The federal case was investigated by the Internal Revenue Service Criminal Investigations. Lawton faces a maximum sentence of 20 years in prison and a $500,000 fine.
Lawton was arrested Sept. 21 in Elkton, Md. as she got off a bus still carrying the bust - a 25-pound, 28-inch-high piece of art made in 1778 by Jean-Antoine Houdon while Franklin was visiting Paris.
But the saga of Ben's bust began the previous month, Lawton told police, after she was fired from the owner of the Bryn Mawr home.
Lawton said she wanted revenge and so took the one thing that she was warned never to touch - the plaster bust.
Police released those details it a preliminary hearing in Lower Merion several days after her arrest. At that hearing, police released an interview in which Lawton said she had an accomplice in the theft - a man who broke into the house while she waited in a car.
Lawton reportedly said the accomplice broke into the home of lawyer George A. D'Angelo by kicking out an air conditioner. The accomplice, a male, grabbed the bust in the drawing room.
But the plan was foiled when a car pulled into the driver as the thief went back into the house to steal its pedestal. Lawton and the accomplice fled, but not before the car's occupants recognized her.
Lawton said she left the bust overnight in a Dumpster outside an apartment building near 31st and Parrish Streets. Facing arrest, she fled to a relative's home in Mobile, Ala.
Frightened, she then hopped on a Grehound bus.

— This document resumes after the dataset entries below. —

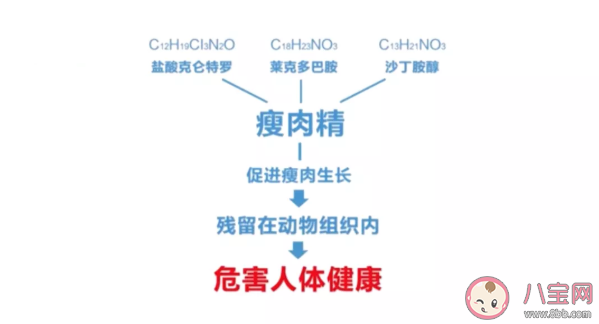吃了瘦肉精的羊肉對身體有什么影響 怎么避免買到瘦肉精的肉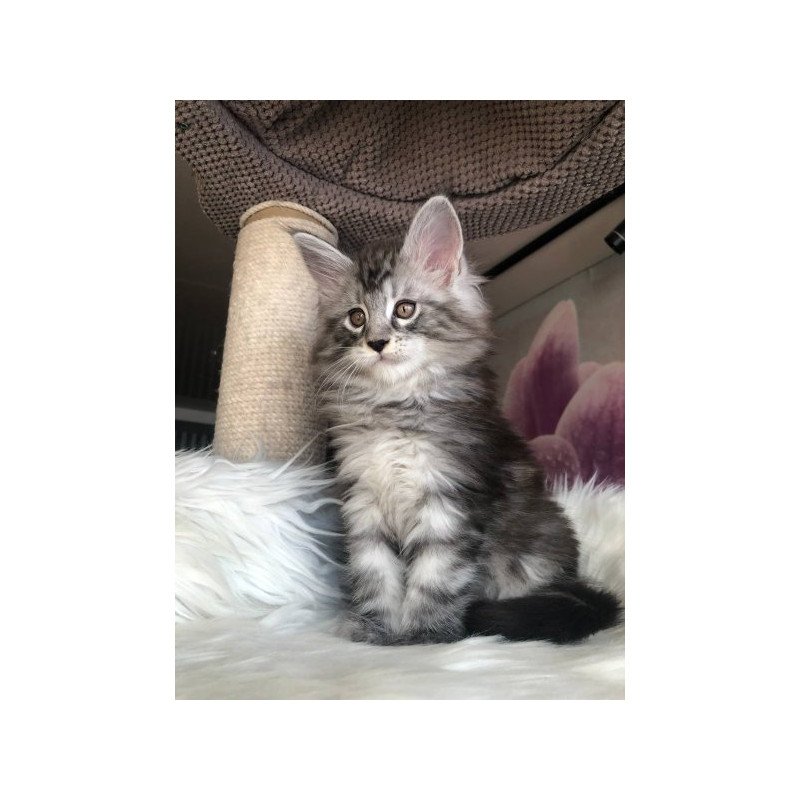 Maine Coon Alva Whisper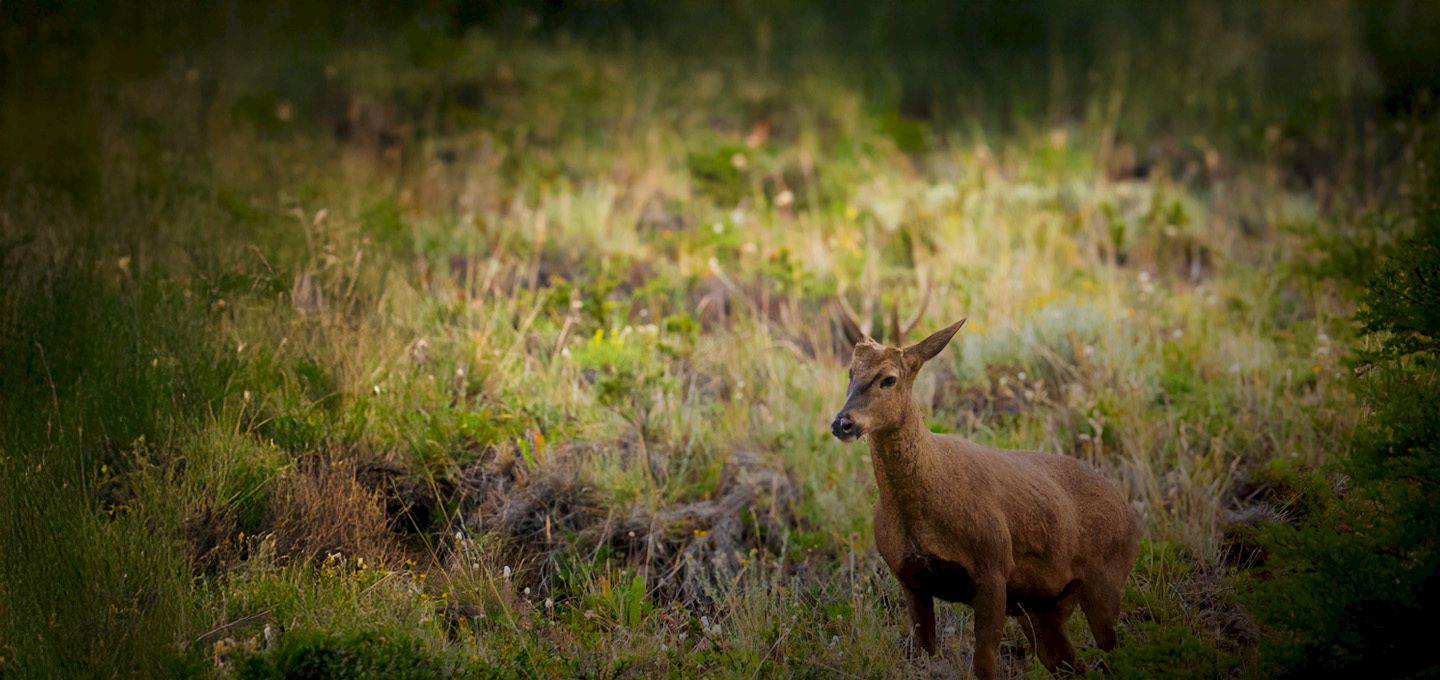 Huemul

She was arrested as she got off.
The bust was recovered, but it was cracked.
Lawson was returned to prison in Philadelphia on $1 million bail.
However, authorities are still searching for a another item stolen during the burglary - a shadowbox with a picture of operetta composer Victor Herbert and his baton.
Lawton told police she never knew the accomplice stole the $80,000 object until gold by police.